I. Taking Principled Action
Let me start with the core principles that are grounding our review of equity market structure and guiding further actions.
First, we must evaluate all issues through the prism of the best interest of investors and the facilitation of capital formation for public companies. The secondary markets exist for investors and public companies, and their interests must be paramount.
Second, we must account for the varying nature of companies and products, with a particular sensitivity to the needs of smaller companies. One market structure does not fit all.
Third, our review of market structure must be comprehensive. We must test our assumptions about long-standing rules and market practices. Past decisions must be reevaluated in light of current conditions, and market-based solutions to issues should be explored. Barriers to such solutions must be reviewed, and removed where appropriate.
II. Market Structure Today
Equity markets are, of course, now dominated by computer algorithms, which generate orders at a volume and speed that have transformed the nature of trading. Importantly, these algorithms are used not only by high-frequency traders, but also by or on behalf of investors.
Empirical evidence shows that investors are doing better in today’s algorithmic marketplace than they did in the old manual markets.
For institutional investors, the costs of executing large orders, measured in terms of price, were more than 10% lower in 2013 than in 2006. This is true even though fundamental volatility — which in general is positively correlated with such costs — was slightly higher in 2013 than it was in 2006.

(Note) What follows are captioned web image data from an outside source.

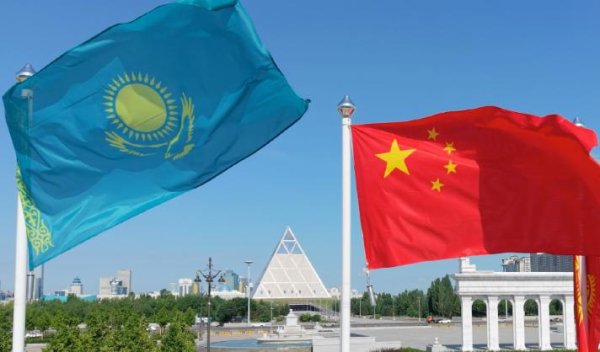 聚富配资 放弃中国国籍！三年内突破了17万，哈萨克族同胞为何“回流”？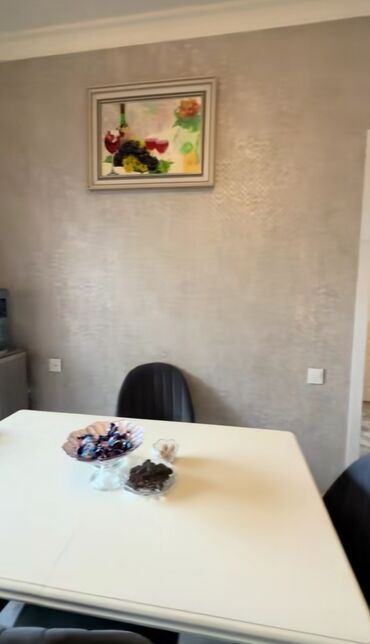 Həyət evləri və villaların satışı: Binəqədi qəs. 4 otaqlı, 150 kv. m, Yeni təmirli — 24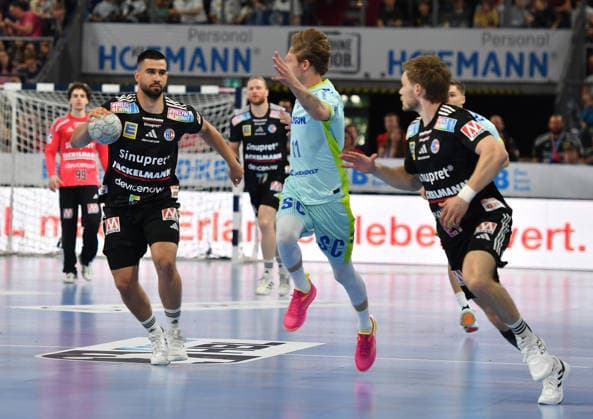 10.05.2026 - Handball - 1. Bundesliga DAIKIN HBL - Saison 2025 2026 - 31. Spieltag: HC Erlangen Metropolregion Nürnberg HCE - VfL Gummersbach - OGo - xogox - Milos Kos (5, HC Erlangen HCE ) Mathis Häseler Haeseler (11, VfL Gummersbach )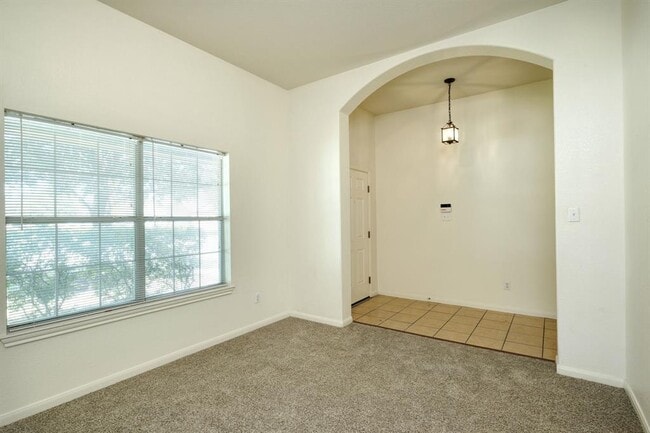 Photo - 1020 Downridge Dr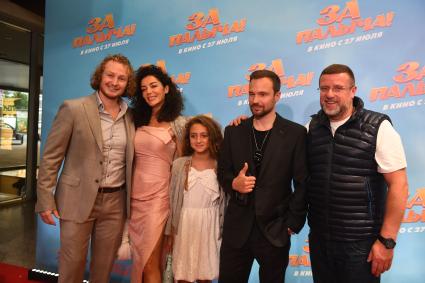 Москва. Актер Алексей Чадов (второй справа) на премьере фильма `За Палыча!` в кинотеатре `КАРО 11 Октябрь`.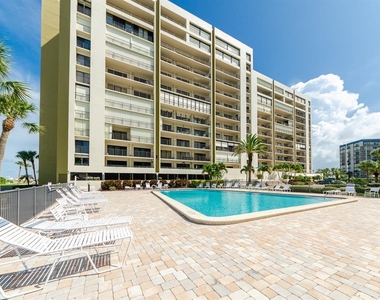 1480 Gulf Boulevard - Photo Thumbnail 23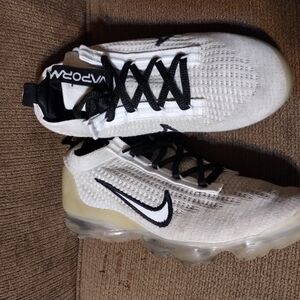 Nike Kids White VaporMax Shoes
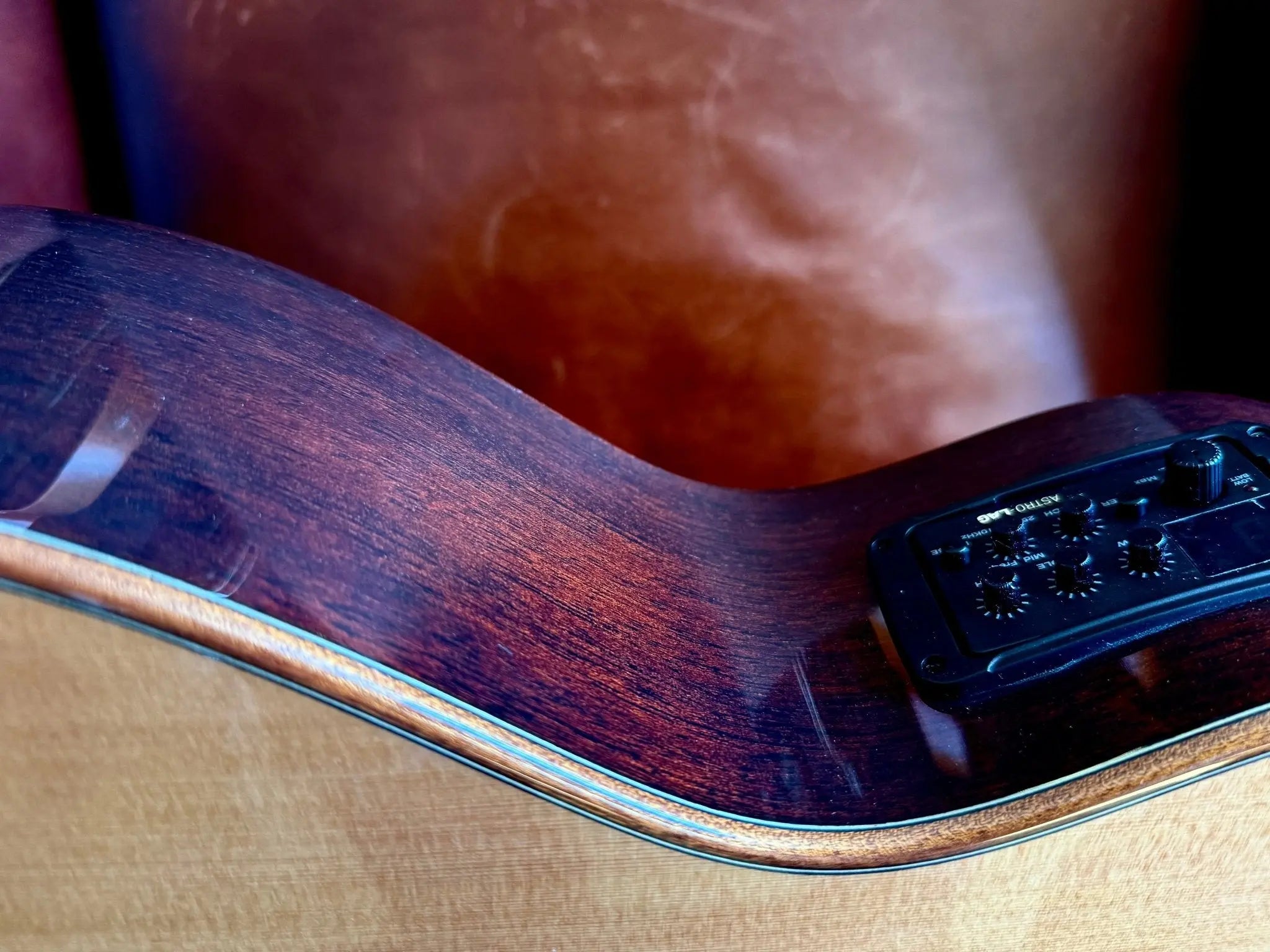 LAG TRAMONTANE 118 T118ACE AUDITORIUM CUTAWAY ELECTRO - Richards Guitars Of Stratford Upon Avon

The level of intraday volatility also has returned to low levels after spiking during the financial crisis. Intraday volatility of the S&P 500 Index was nearly the same in 2013 as it was in 2006 — for both average and maximum volatility.
The spreads between bid and ask prices for the broader market also are as narrow as they have ever been. These narrower spreads are particularly important for retail investors because they reflect the cost of trading immediately at the best prices, which is generally the objective of retail investors.
All of these market quality metrics show that the current market structure is not fundamentally broken, let alone rigged. To the contrary, the equity markets are strong and generally continue to serve well the interests of both retail and institutional investors. The largely positive data on broad market quality does not mean, however, that the current market structure is without issues.
Some potential additional benefits for investors from improved technology may have been diverted by excessive intermediation, and broad market quality would perhaps be even better if different rules were in place.
And not all segments of the equity markets have equally shared the benefits from the positive market trends, and that disparity may have increased in recent years. For example, key costs for institutional investors in small-cap stocks appear to have remained relatively high since the financial crisis, in contrast to the large declines in such costs for the broader market.
As a general matter, many market structure rules and industry practices were developed with manual markets in mind. They cannot be expected to optimally address all of today’s market practices.